* **What to do**: In the records below, repeat word for word only the lines starting at the one that contains "4002 Franklin Ct — Photo 5" and ending at the one that contains "1956 Ford Thunderbird", pictures excluded.

[Image-text web data]
□ □ □

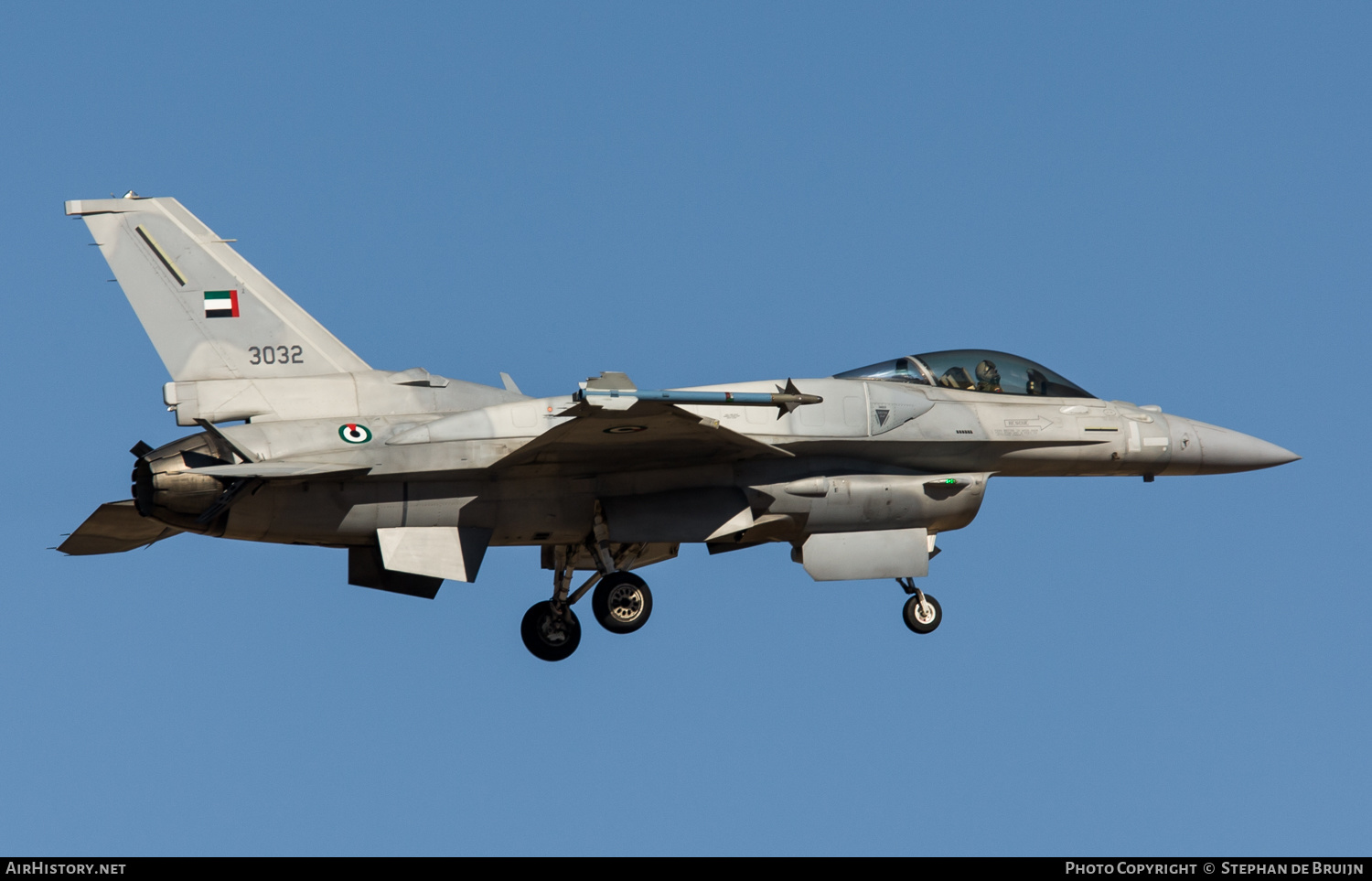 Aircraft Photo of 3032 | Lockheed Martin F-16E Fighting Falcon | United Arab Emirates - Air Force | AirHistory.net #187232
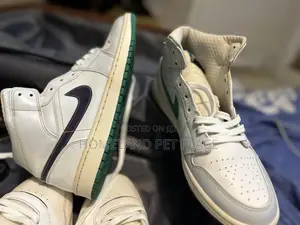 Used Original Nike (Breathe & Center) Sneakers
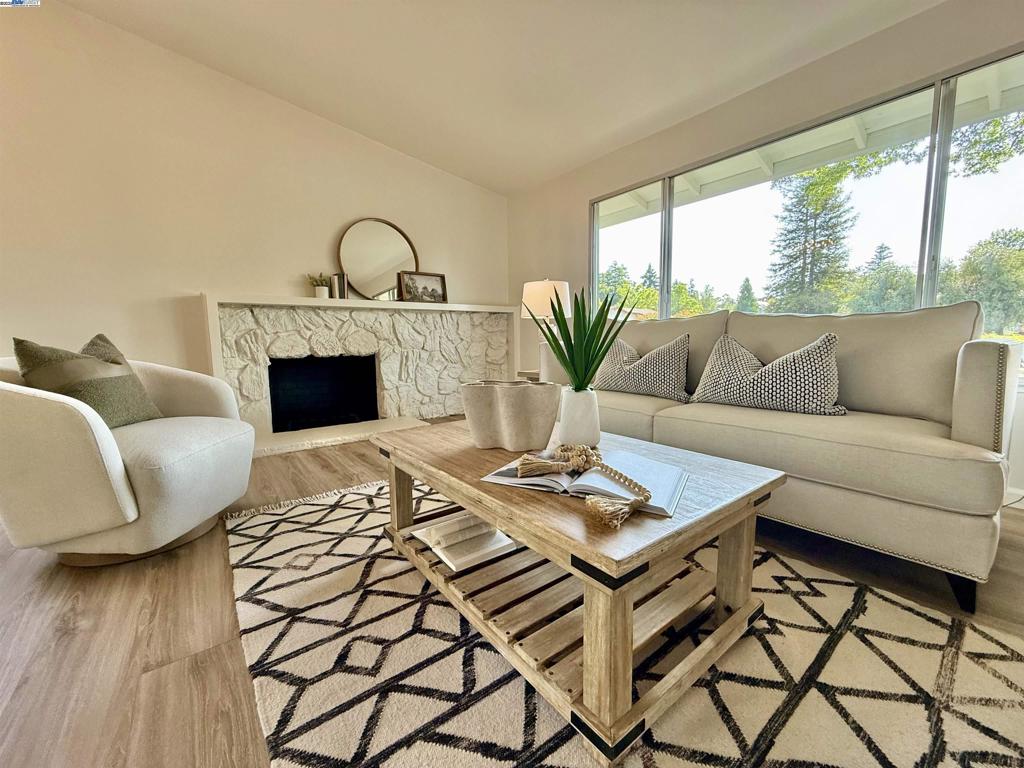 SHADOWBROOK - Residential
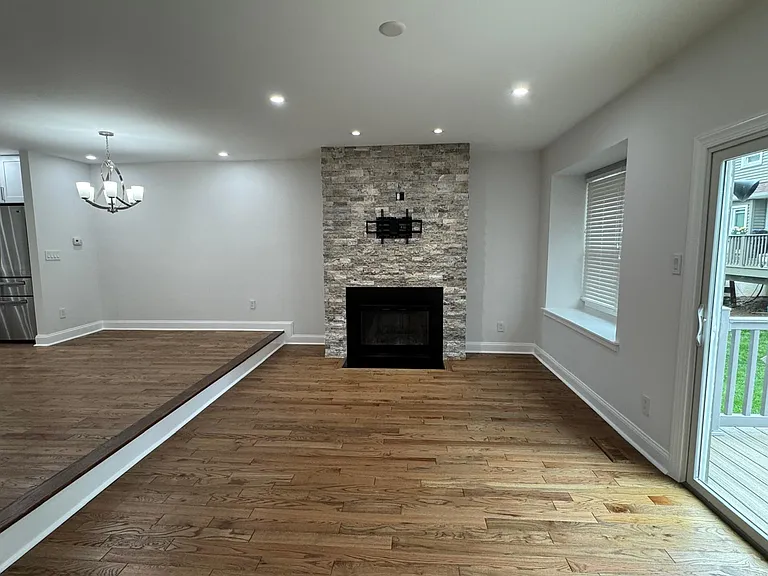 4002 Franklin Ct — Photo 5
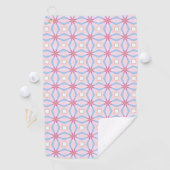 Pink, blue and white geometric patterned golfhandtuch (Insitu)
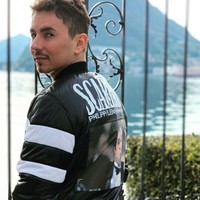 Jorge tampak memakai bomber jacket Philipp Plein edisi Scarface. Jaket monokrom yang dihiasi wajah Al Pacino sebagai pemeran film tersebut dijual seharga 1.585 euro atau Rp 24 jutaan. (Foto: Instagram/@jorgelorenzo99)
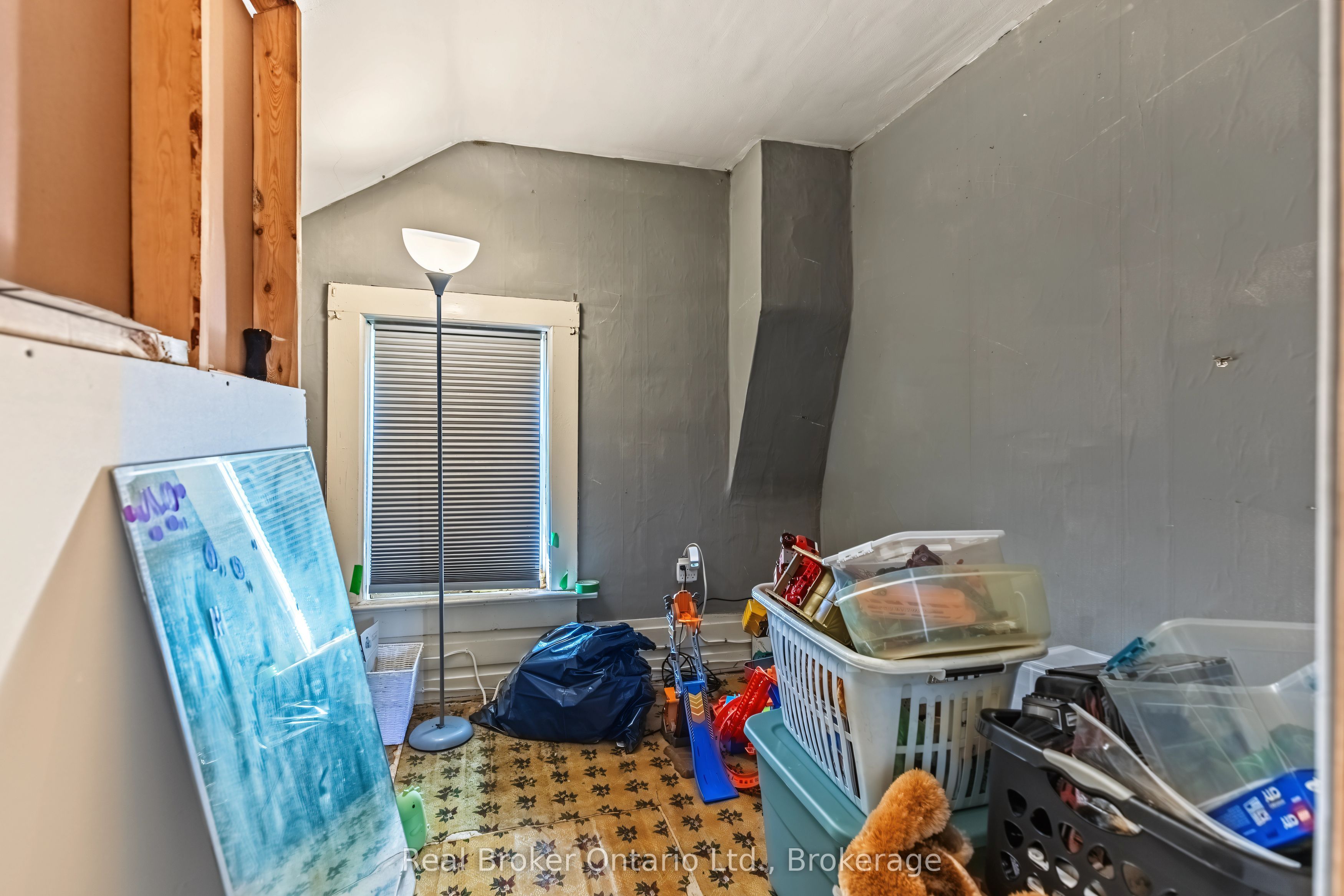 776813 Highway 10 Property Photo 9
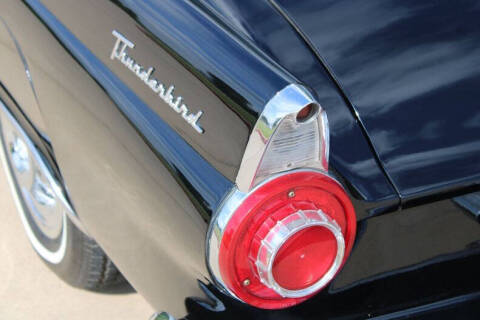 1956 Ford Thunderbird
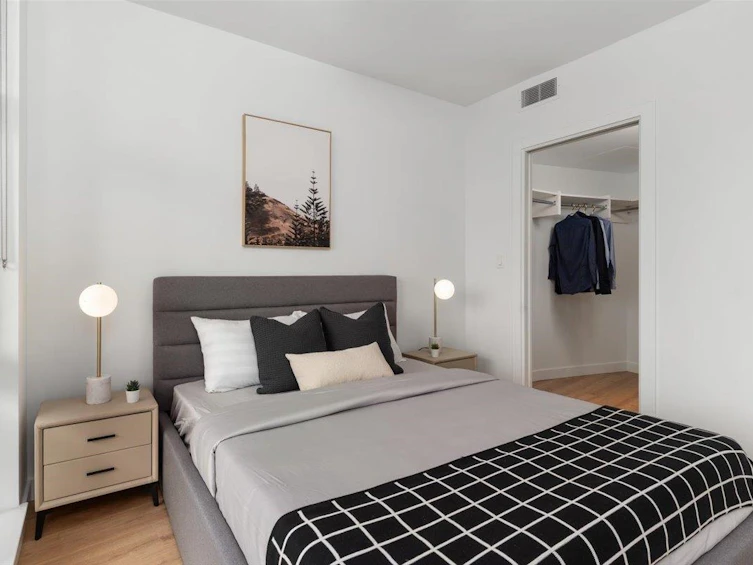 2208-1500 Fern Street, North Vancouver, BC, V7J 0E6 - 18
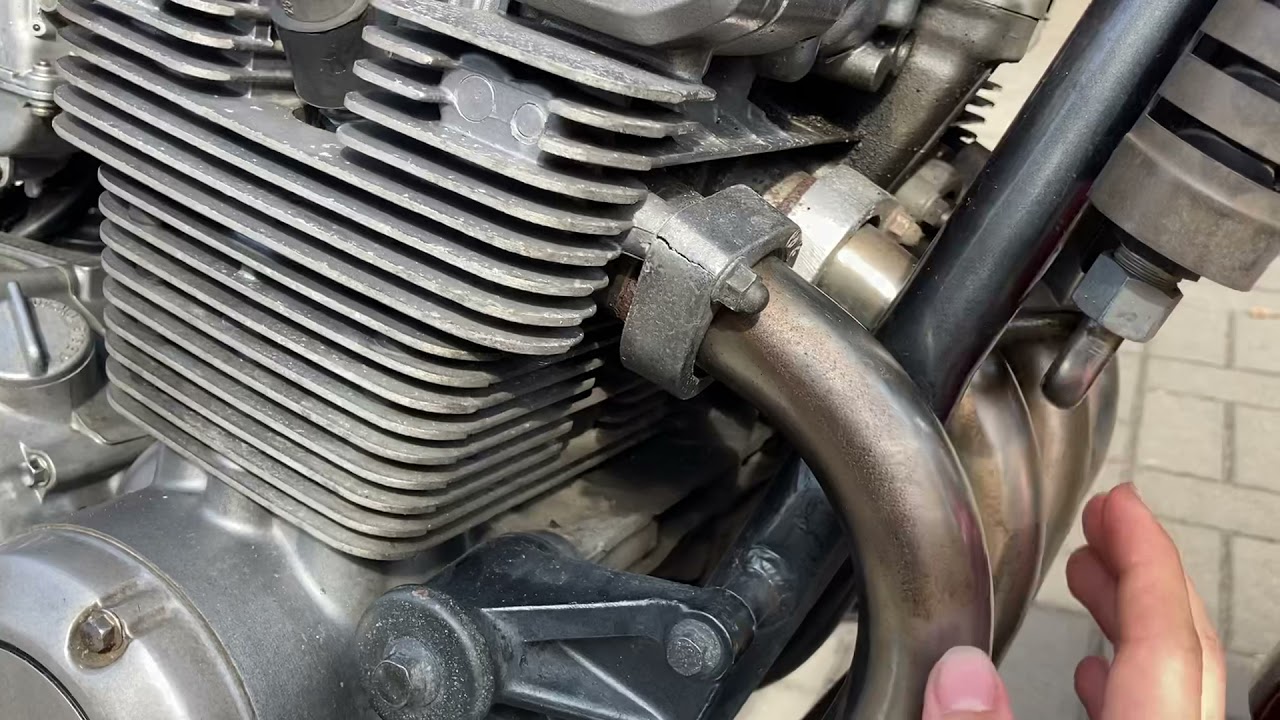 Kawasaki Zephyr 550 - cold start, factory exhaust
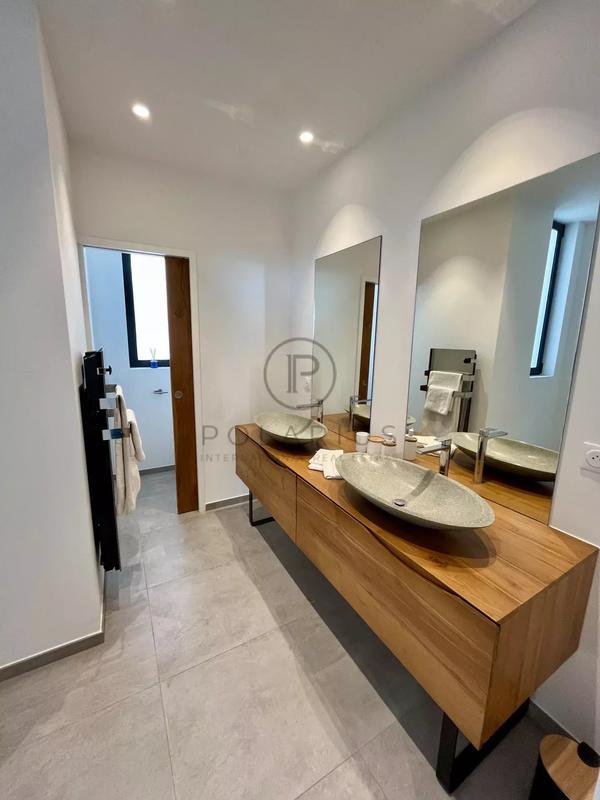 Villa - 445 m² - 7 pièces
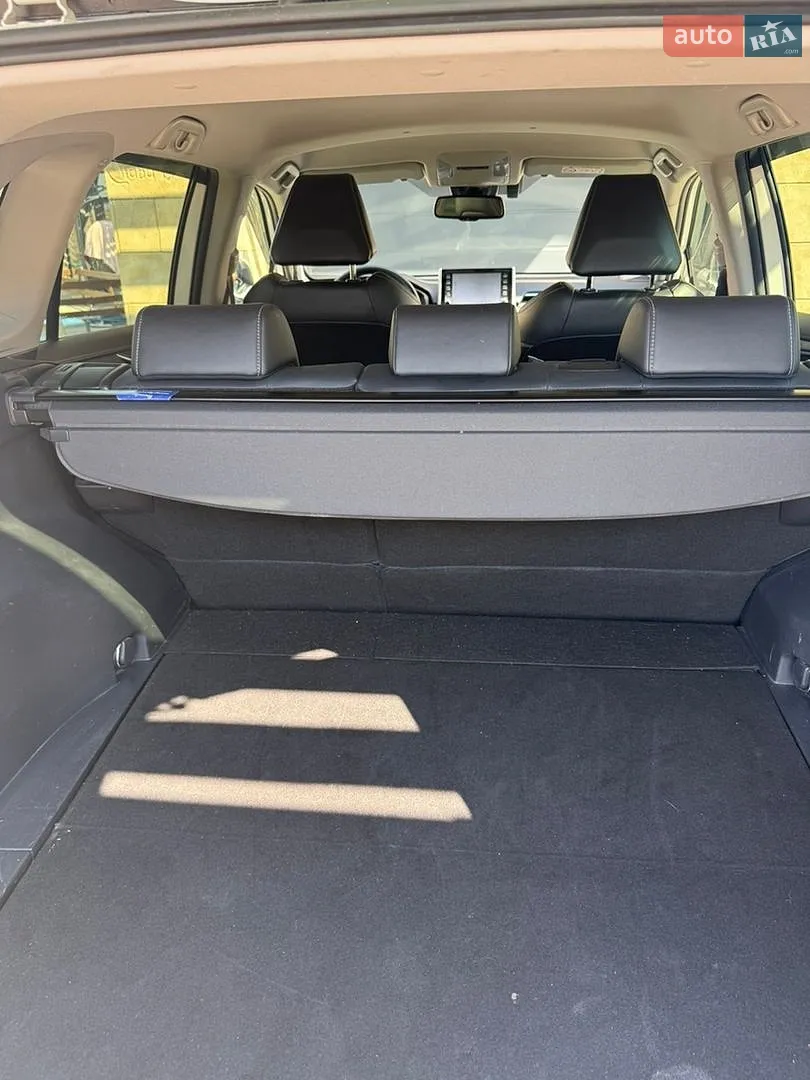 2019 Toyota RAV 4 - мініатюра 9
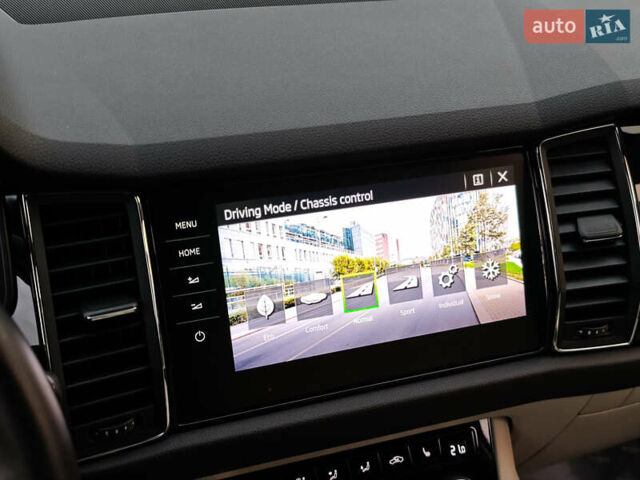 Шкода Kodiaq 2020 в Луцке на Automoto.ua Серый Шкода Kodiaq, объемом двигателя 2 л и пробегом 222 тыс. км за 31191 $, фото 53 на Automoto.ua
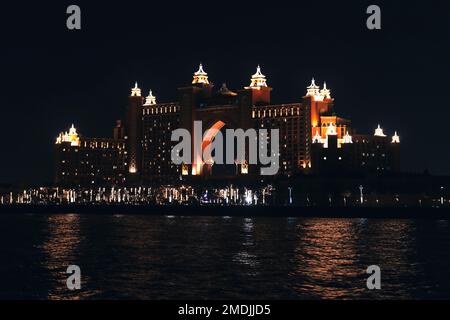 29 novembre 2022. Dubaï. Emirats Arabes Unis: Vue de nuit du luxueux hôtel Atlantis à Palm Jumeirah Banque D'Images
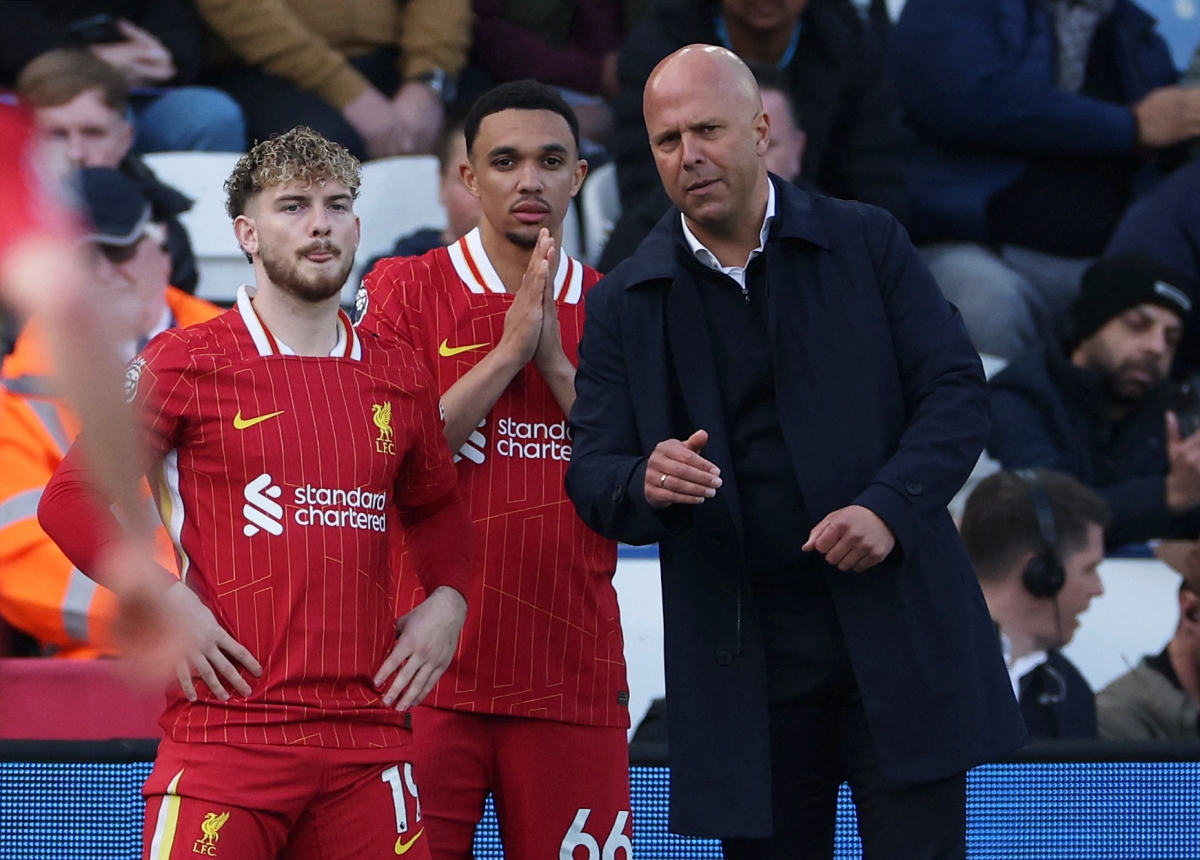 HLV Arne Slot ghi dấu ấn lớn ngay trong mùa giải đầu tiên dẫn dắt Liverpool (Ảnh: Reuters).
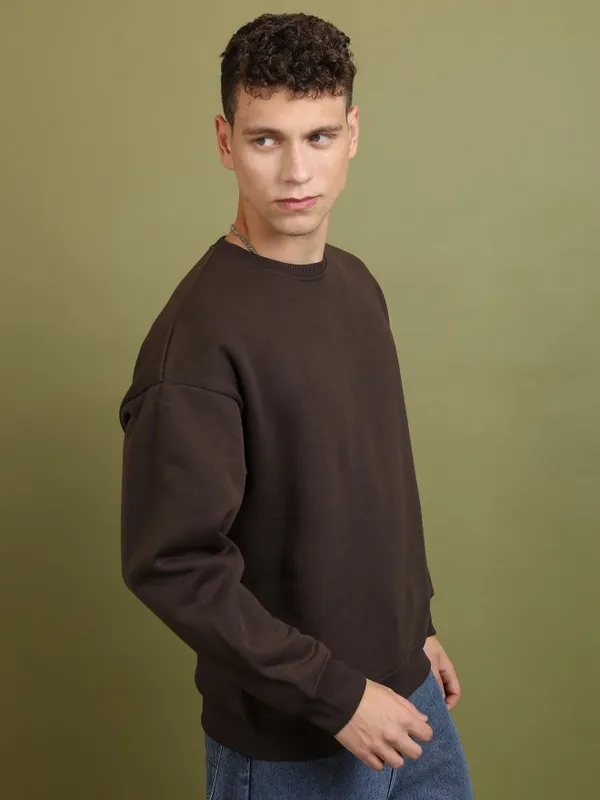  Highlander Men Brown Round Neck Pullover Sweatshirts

□ □ □

* **Task output**:
 4002 Franklin Ct — Photo 5
 Pink, blue and white geometric patterned golfhandtuch (Insitu)
 Jorge tampak memakai bomber jacket Philipp Plein edisi Scarface. Jaket monokrom yang dihiasi wajah Al Pacino sebagai pemeran film tersebut dijual seharga 1.585 euro atau Rp 24 jutaan. (Foto: Instagram/@jorgelorenzo99)
 776813 Highway 10 Property Photo 9
 1956 Ford Thunderbird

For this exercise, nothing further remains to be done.